County may push legislators opposing proposed state airboat law


An airboat glides by the McIntosh Fish Camp on Orange Lake. (File photo)

Published: Tuesday, January 10, 2012 at 6:43 p.m.
Last Modified: Tuesday, January 10, 2012 at 8:27 p.m.

The Alachua County Commission may send letters to legislators asking them to reject proposed legislation that would undercut the local airboat curfew that voters approved in November 2010.

One of those legislators, State Sen. Steve Oelrich R-Cross Creek, is the Senate sponsor of the legislation that commissioners may target.

Commissioners are expected to vote on whether to send the letter, which has not been drafted, during a previously scheduled special meeting on the evening of Jan. 17.



With only four board members remaining after the resignation in December of former Commissioner Rodney Long, it remains to be seen if there will be three votes to officially weigh in on the issue.

Commissioner Mike Byerly, who worked with the political action committee that collected voter signatures to get the curfew on the ballot, suggested the letter of opposition to the legislation Tuesday.

He said the Suwannee-St. Johns Group of the Sierra Club sent a letter to the county seeking that move.

Byerly said the legislation was designed to nullify an ordinance approved by local voters and he found that “galling.”

The legislation would nullify local prohibitions on airboats if those boats pass a sound test. The threshold proposed is no more than 107 decibels measured from a distance of 100 feet. That is less stringent than the current airboat noise standard in state law- 90 decibels at 50 feet.

In a December interview, Oelrich said he was working with airboat associations to have statewide noise standards so individual counties could not put in place “blanket” prohibitions that ban the vessels from counties and water bodies across the state one at a time.

The decision to move ahead with the consideration of the letter passed 3-1, with Commissioner Susan Baird in dissent.
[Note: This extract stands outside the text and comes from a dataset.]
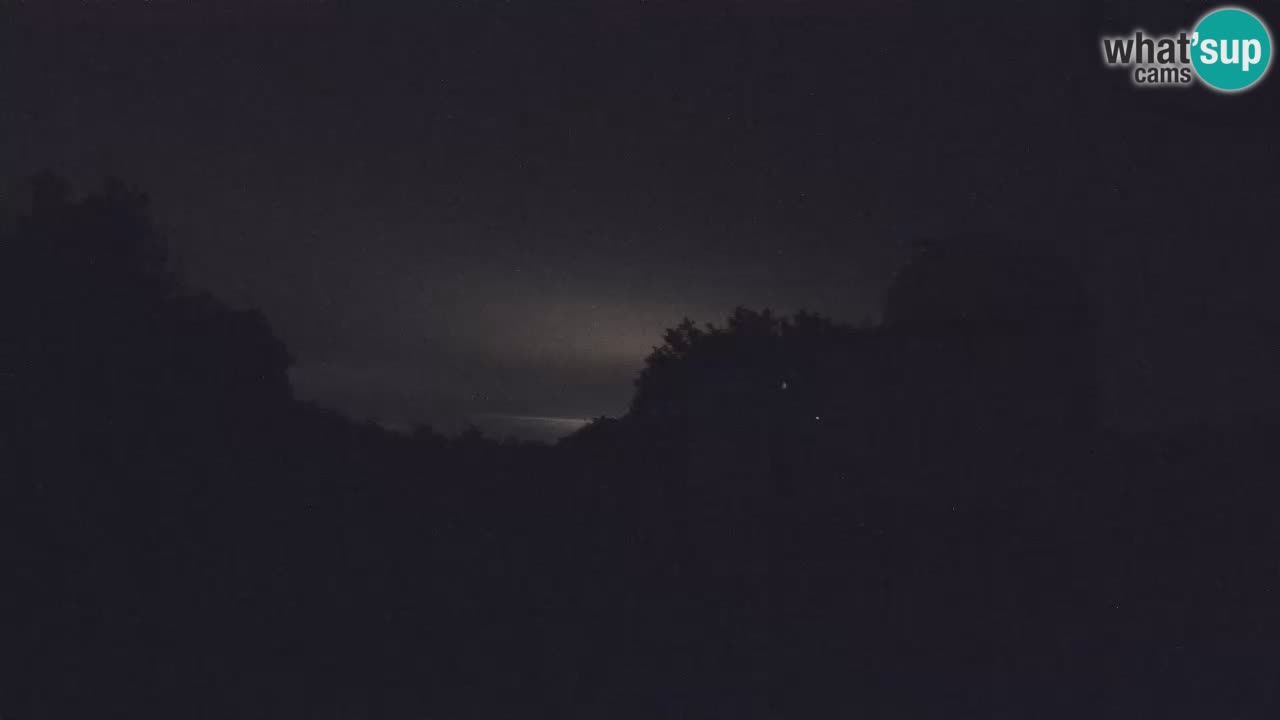 Webcam de l’Observatoire de Višnjan: Plongez dans le cosmos depuis l’Istrie, Croatie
Baird said she was never a proponent of the curfew and she believed that the majority of the support for it came from voters who live miles from lakes and are not affected by it. While Commissioner Paula DeLaney agreed with Byerly's position, the wording of the letter will determine if Commissioner Lee Pinkoson supports it. Pinkoson said his support would be limited to a defense of local home rule.

Wrangling over airboat noise has been a long-standing issue in some areas of the county, primarily on and around Orange Lake, where airboats are popular, particularly for nighttime alligator hunts.

In a late November 2009 public hearing, commissioners considered several different variations of the airboat curfew - the hours shifting with each proposal- and did not have the four votes required under state law to pass a local ordinance “discriminating” against airboats.

At that time, Byerly, DeLaney and former Commissioner Cynthia Chestnut supported the curfew. Pinkoson and Long voted against it.

The political action committee Quiet Lakes for Alachua County then formed and collected voter signatures to get a 7 p.m.-7 a.m. curfew on the November 2010 ballot. The curfew passed with 56.17 percent support.